A simple step towards Decarbonisation, to be collectively Adopted by the Hospitality industry
Knowing the complex energy challenges of our country, the hotel industry may consider taking a phase off decision with regard to the use of charcoal in hotel restaurants, assuming there must be 5lakh tandoors, on a conservative estimate and demonstrate its green leadership for the country, and indeed globally as well.
Charcoal production causes deforestation, it is carcinogenic and therefore the hospitality industry must migrate from charcoal to gas based tandoor. Charcoal is carcinogenic and is adding to our climate crisis, more so for the vulnerable population in the country.
Cooking gas is odorless, though Ethyl Mercaptan is added for safety reasons for end users. I am just thinking aloud if the “charcoal aroma” can, by some benign means, be induced in gas to provide a substitute for the charcoal flavour which people like in tandoori food.
During the covid crisis, the vaccine was made by repurposing existing vaccines, as per our common understanding. Perhaps, time has come for some similar creativity in the blending process in gas, whereby we can eliminate the use of charcoal. Even if this does not happen, it is just a question of time before the use of gas becomes mandatory.

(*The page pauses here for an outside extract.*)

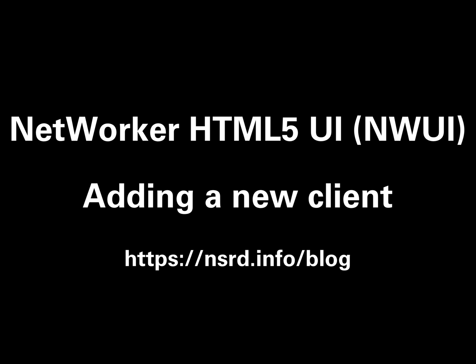Hi, I'm Preston Deguys, and in this video I'll step through the process of adding a new client to your NetWorker server using the NWUI, the HTML5 administration interface.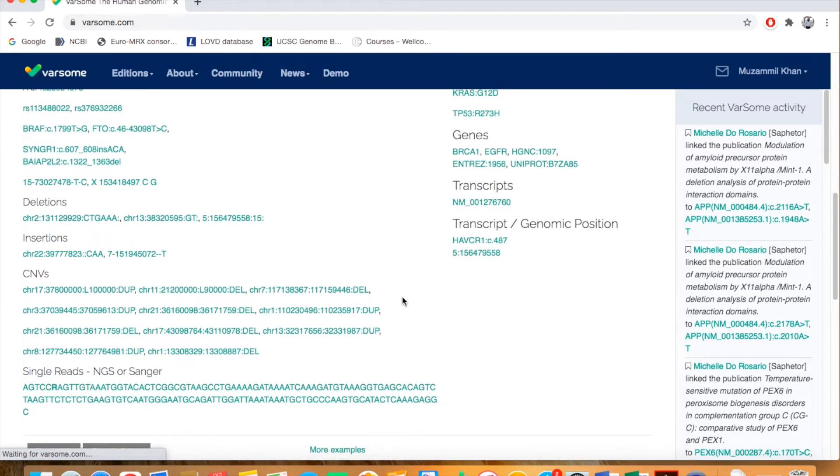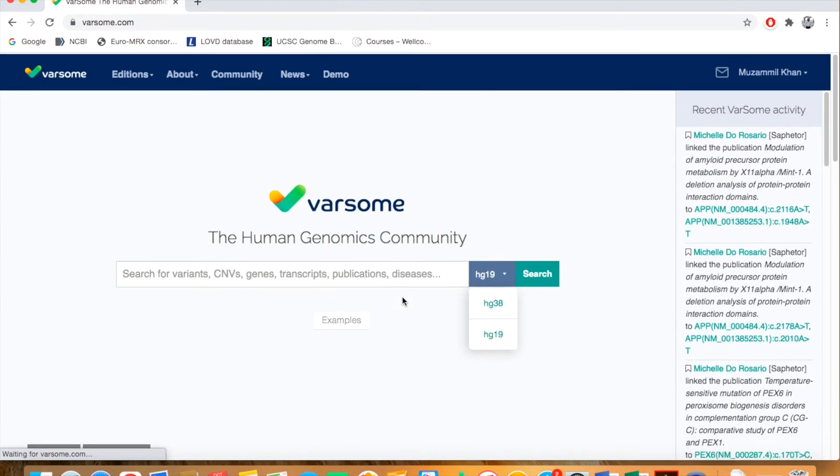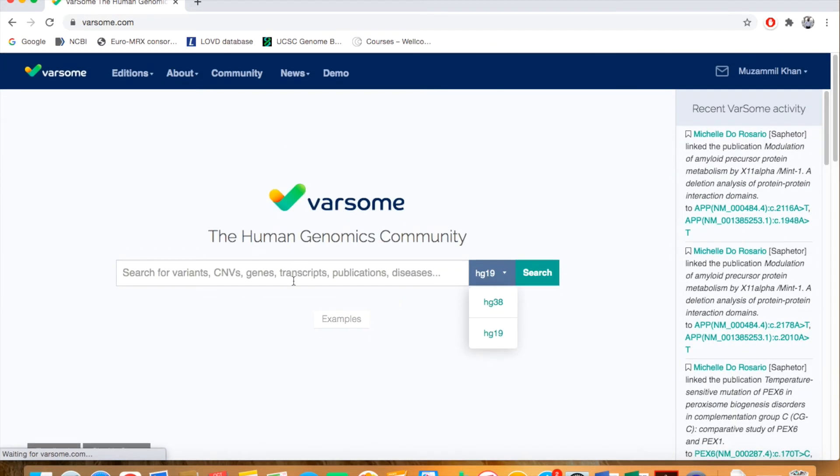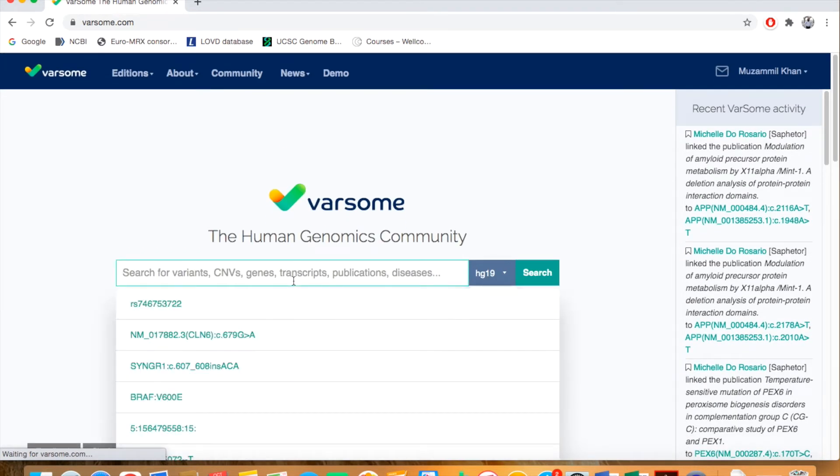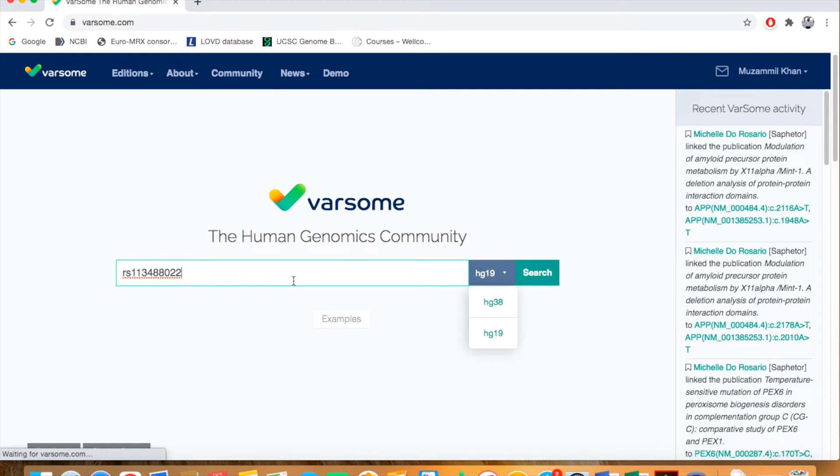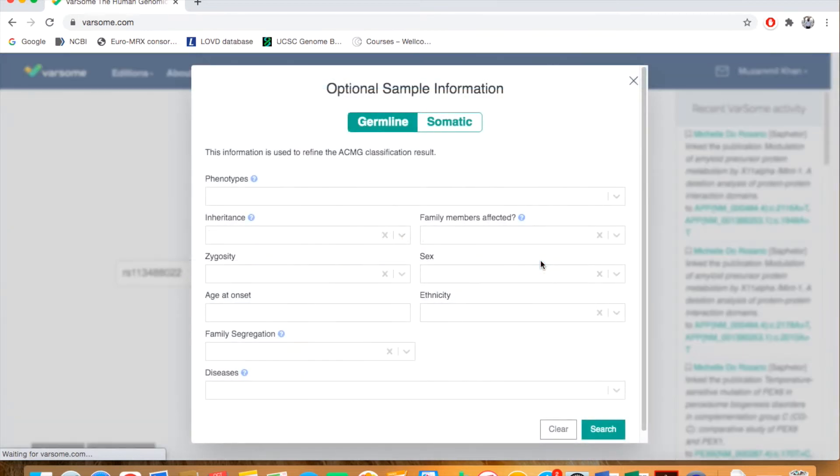Just put in here, for example, this SNP, select HG19 assembly, and click on the search button. If you know further information about this variant, the phenotype found in the patient, you can provide that information.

I am wondering whether catering to the taste of a few, which demands the use of charcoal, is worthwhile while compounding the Climate emergency challenge, which in turn impacts our monsoons, food security, sea level rises impact our coastal areas?
It’s a great opportunity for the hospitality industry to demonstrate its green proactive stance by collectively announcing a stop to the use of charcoal in the shortest time frame. In fact, 6 months are adequate to make any switch, and such a target is feasible within the present calendar year 2022. We will be setting a new benchmark for other countries for the benefit of the global common.Our forefathers articulated the word ‘Vasudev Kutumbakam’, the earth is my home.
We will do well to remember that environment pollution does not recognise political and geographical boundaries and it does not need any passport and visa. Following the policy of precautionary principle would be a sign of our collective wisdom.
And we may do well to remember what Daisaku Ikeda, president of Soka Gakkai International, has said:
“At the cost of few people’s luxuries and lifestyles, many have become vulnerable.”